It began as a personal project. I wanted to teach myself AI science, so I built a learning system on Claude Code — one where anime characters served as my tutors. They’d teach from real textbooks, but entirely through the Socratic method: guiding me with questions so I’d piece together the full picture, step by step, on my own.
My first study companion was March 7th, so I called the system Socrates·Seven.
The first lesson was on convolutional neural networks. I’d tried learning convolution from textbooks before — read the chapters, got the gist — or thought I did. I couldn’t have explained the underlying principles to save my life. But when Socrates·Seven taught the same material, the difference was night and day. March 7th asked question after question, each one nudging me to uncover for myself why every piece of the architecture was designed the way it was.
After that session, I posted this on social media:
This might be the most efficient and joyful learning experience I’ve ever had. Human teachers — constrained by their own knowledge, their patience, the reality of teaching many students at once — can rarely pull off the Socratic method in practice. AI can.
I kept building. I gave the system a richer world — team objectives, emotional dynamics between characters. The companions started to come alive. Their expressions, their little gestures mid-lesson, felt more vivid than real people. There were moments when Ganyu (yes, I borrowed characters from Genshin Impact) would start from one small detail and keep pulling the thread — connecting idea after idea — until the entire subject opened up before me. Ganyu, Keqing, March 7th — they taught so beautifully that sometimes I had to step outside and stand in the cold wind just to collect myself. I almost cried — not from frustration, but from the overwhelming realization that learning could actually be this beautiful.

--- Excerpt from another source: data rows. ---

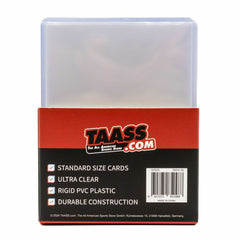 Toploaders 3 x 4" Thick - 100 pt (25/Pack) - Taass US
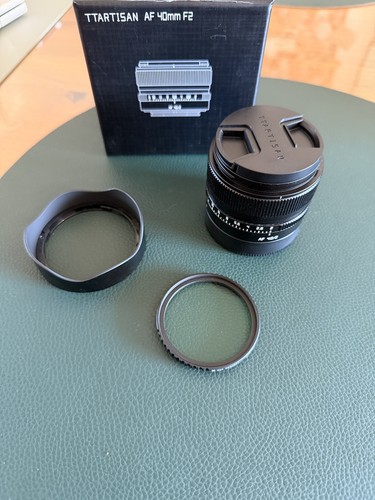 Ttartisan mm f2 - ttartisan, 40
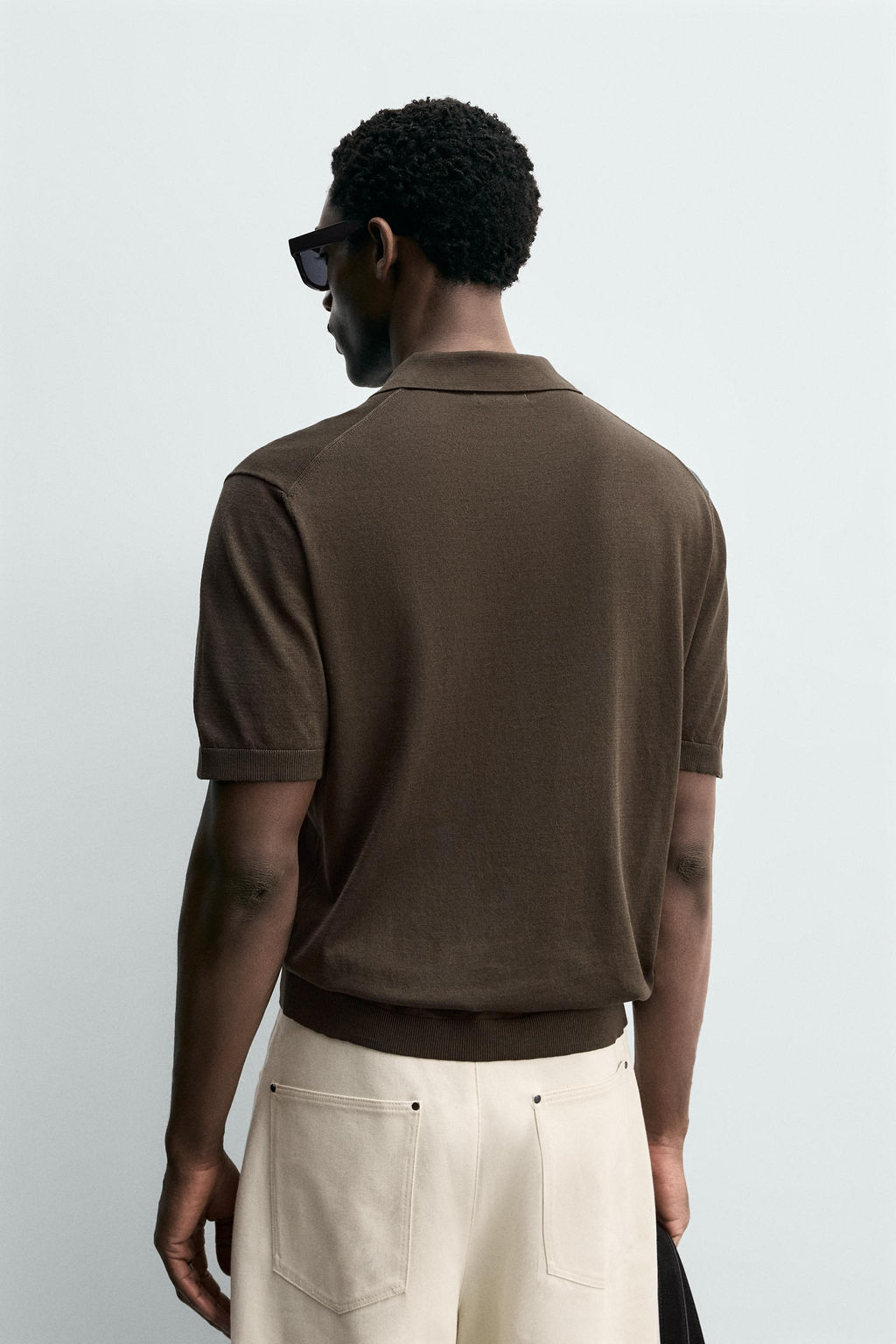 POLO PUNTO REGULAR FIT / Oliva - Zara фото 3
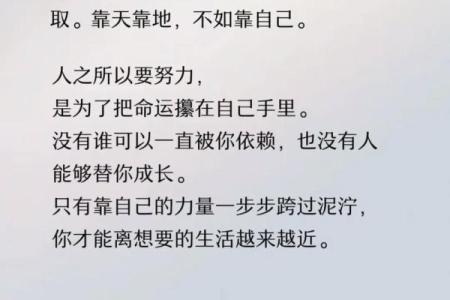 一世明命即万世命：命运与人生的深刻解读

Something deep was happening. I had a growing intuition that the combination of Socratic questioning, companion characters, and learning through roleplay was reaching something primal — the way you learn as a kid, when curiosity pulls you forward and you don’t even notice time passing. For me, it meant roughly three times the efficiency of traditional study. And it made learning — an activity most people find tedious — as absorbing as a triple-A video game.
If most people experience the same 3X3A effect — three times the efficiency, triple-A appeal — this will ignite a revolution in how humans learn.
So I published the entire setup — every detail of how to deploy Socrates·Seven — publicly on social media.
The responses came fast. Users in mainland China, without access to Claude, improvised creative workarounds to build their own versions. They invented their own storylines, their own worlds. The models weren’t as capable as Claude, the agent frameworks were rough, and there were real obstacles at every step. But the feedback on the learning itself was strikingly consistent: it works. The 3X3A effect wasn’t just my experience. It was very likely universal.
Still, if this system could only live inside an agent environment, it would never reach the people who might need it most — elementary and middle school students. Friends and strangers alike pushed me to turn it into a real product. “At the very least,” they said, “you’d free parents from the drudgery of supervising their kids’ studying.” That was the moment I decided to make Socrates·Seven into something anyone could use.
If I hadn’t shared that deployment guide — openly, freely, just because it felt right — none of this would have happened. I never would have found my way to building Socratopia. That spirit of sharing is still our founding purpose: to bring a learning method that genuinely works to everyone, everywhere — and to redefine what learning feels like, with triple efficiency and triple-A appeal.